## THE PROBLEM
Would you please return the lines of the entries below starting at the line that has "Like BCL3, BCL5, BCL6, BCL7A, BCL9, and" and ending at the line that has "Welcome to video", both included, exactly as they are?

## DATA FOR THIS EXERCISE
● ● ● ● ●

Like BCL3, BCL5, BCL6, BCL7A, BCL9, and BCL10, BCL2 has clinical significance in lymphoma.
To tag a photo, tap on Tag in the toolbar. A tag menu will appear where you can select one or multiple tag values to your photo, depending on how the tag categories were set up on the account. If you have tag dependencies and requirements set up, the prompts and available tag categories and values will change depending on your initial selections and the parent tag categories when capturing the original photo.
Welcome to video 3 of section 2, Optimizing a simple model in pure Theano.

● ● ● ● ●

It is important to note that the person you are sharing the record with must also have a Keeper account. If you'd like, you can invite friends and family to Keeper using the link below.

● ● ● ● ●

## EXERCISE RESULT
Like BCL3, BCL5, BCL6, BCL7A, BCL9, and BCL10, BCL2 has clinical significance in lymphoma.
To tag a photo, tap on Tag in the toolbar. A tag menu will appear where you can select one or multiple tag values to your photo, depending on how the tag categories were set up on the account. If you have tag dependencies and requirements set up, the prompts and available tag categories and values will change depending on your initial selections and the parent tag categories when capturing the original photo.
Welcome to video 3 of section 2, Optimizing a simple model in pure Theano.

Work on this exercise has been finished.